There's a few reasons why svelte little executables with small library backings aren't possible anymore, and it isn't just ambient undefined "bloat". Unicode is a big one. Correct handling of unicode involves megabytes of tables and data that have to live somewhere, whether it's a linked library, compiled in, tables on disks, whatever. If a program touches text and it needs to handle it correctly rather than just passing it through, there's a minimum size for that now.
Brimstone does embed Unicode tables, but a smaller set than Boa embeds: https://github.com/Hans-Halverson/brimstone/tree/master/icu.
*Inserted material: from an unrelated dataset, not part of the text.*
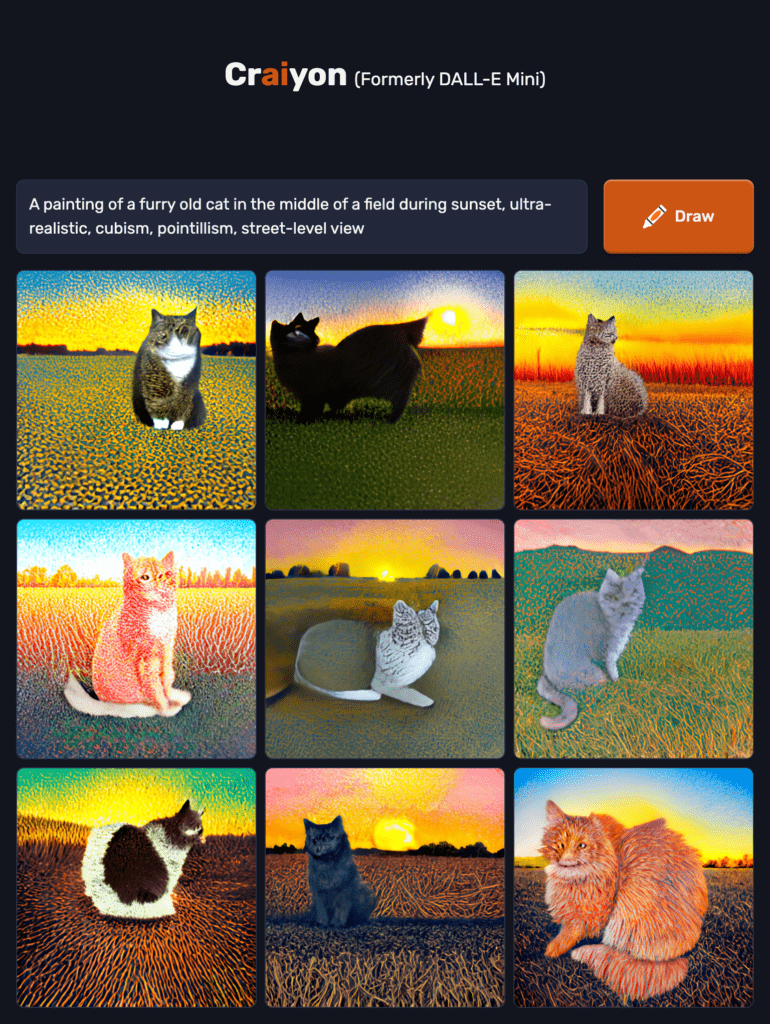 Craiyon artistic cats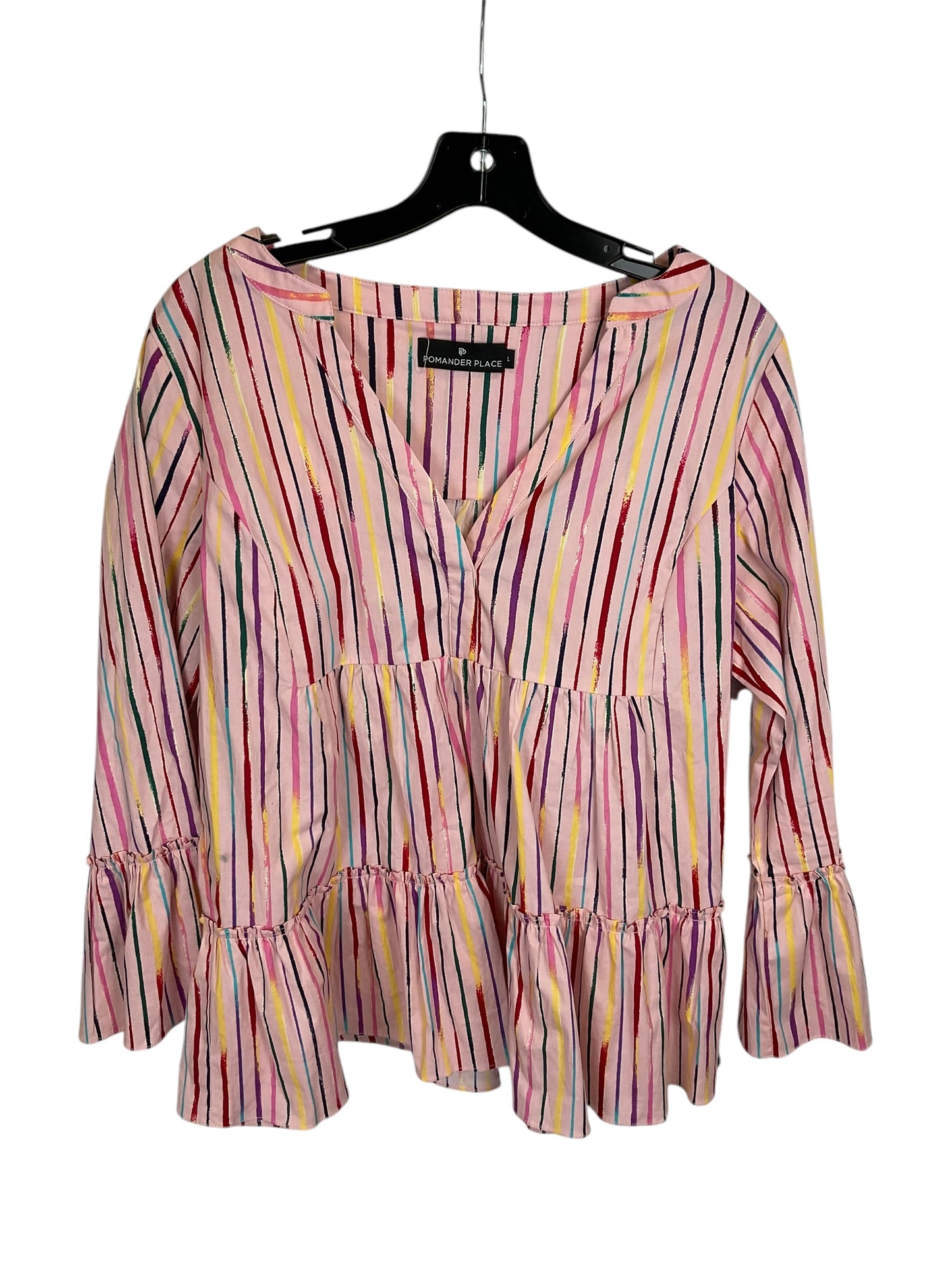 Top Long Sleeve By Cmc In Pink, Size: 22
Brimstone does try to use the minimal set of Unicode data needed for the language itself. But I imagine much of the difference with Boa is because of Boa's support for the ECMA-402 Internationalization API (https://tc39.es/ecma402/).
Yeah, the majority of the difference is from the Unicode data for Intl along with probably the timezone data for Temporal.
Is it possible to build Boa without these APIs?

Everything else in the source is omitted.